7. Then it is contended on behalf of the appellants that his liability ought to cease from the date when the fee and the security were offered to the zemindar and he wrongfully refused to accept them. It appears that proceedings were started in the civil Court with reference to this matter under para. 2 of Section 60. Only a copy of the judgment of the District, Judge relating to these proceedings has been filed. That judgment shows that the District Judge directed the zemindar to accept the fee mentioned in Section 5 and he was further directed to advise the defendant 2 (the transferee) to furnish or tender the security mentioned in Section 5. It does not appear from the judgment that any fee or security was offered and refused by the zemindar before the order made by the civil Court. It is said on behalf of the respondent and it seems to be very likely that the zemindar was unwilling to accept the transferee as a tenant because she was a pardanashin lady and the daughter-in-law of the original patnidar. The liability of the patnidar for rent does not cease by the deposit of the fee by the transferee and the tender of the necessary security. He must be ready if the zemindar refuses to accept the security and register his name to follow it by the procedure laid down in Section 6. That was the view which was adopted in Kristo Jeebun Bukshee v. A.B. Mackintosh [1864] W.R. 53 when it was remarked:

We think too, that it is not enough to ask for registration only, but that Section 6 specifically provides what is legally to be done if the request be refused, and that this legal course was not adopted by the appellant.

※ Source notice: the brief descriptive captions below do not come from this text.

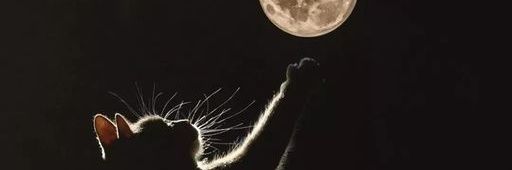 bh_itzel's profile banner image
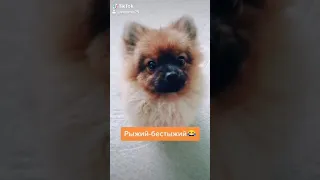 Звезда в шоке😂так он реагирует когда его ругают😁я здесь не причём 😇😇😇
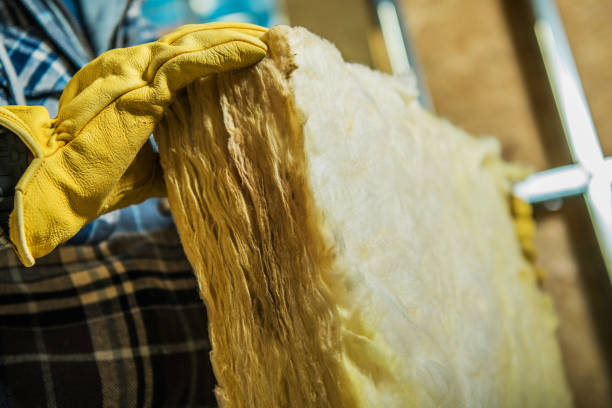 Best Blown-in Insulation in Wallace, NC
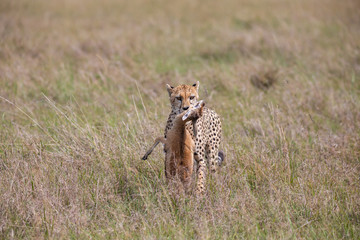 Cheetah with prey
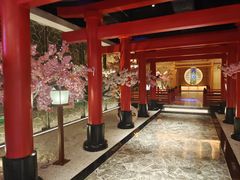 -蓝鲸湾汤泉(包河店)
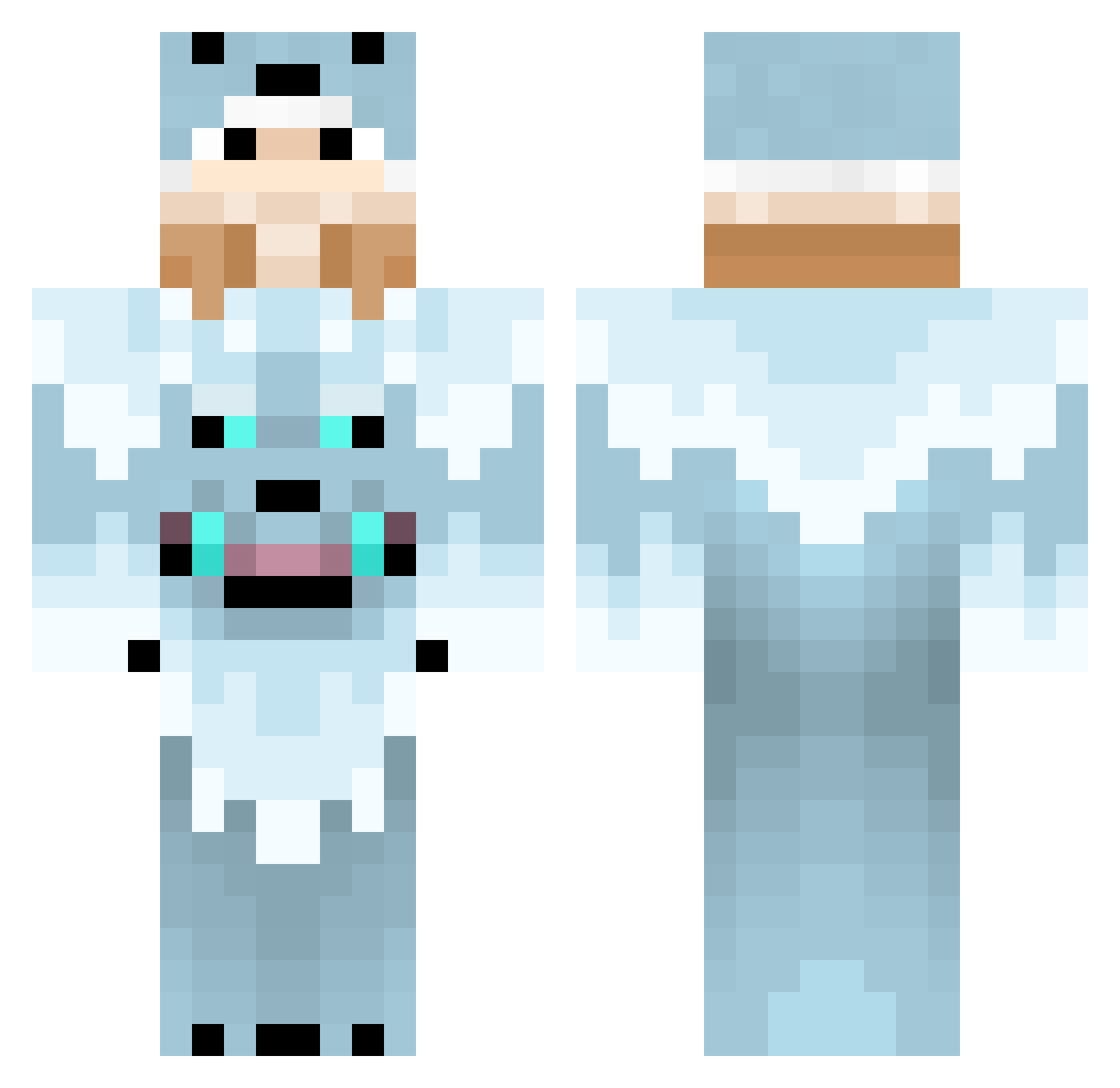 Taxaneh Minecraft skin, front and back view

8. Several oases have been cited before us which relate to the provisions relating to tenures under the Bengal Tenancy Act. It has been held on the wording of Section 12, Ben. Ten. Act, that the transfer is complete as soon as the deed is registered. This has no application to the present 'Case. Then again several cases have been cited in which Section 108, (j), T.P. Act, came under consideration. There too it has been held that the liability of the lessor does not cease before the landlord had accepted the transfer of the lease : Sasi Bhusan Raha v. Tara Lal Singh [1891] 22 Cal. 494. In Chintamoni Dutt v. Bash Behary Mondal [1891] 19 Cal. 17 which was a case under the Bengal Tenancy Act it was observed that

Although it certainly was the case 'before the Bengal Tenancy Act was passed that the Courts always held that the landlord is entitled to look to his recorded tenant for all rent until he receives due notice of the transfer, the present law, as explained by the decision in Kristo Bullavy Ghose v. Krizto Lal Singh [1889] 16 Cal. 642 appears to have altered that state of things.

9. This observation goes to indicate the law outside the operation of the Bengal Tenancy Act. Our conclusion on the facts and the law applicable to this case is that the decree passed by the Courts below is correct in law and that this appeal should be dismissed with costs.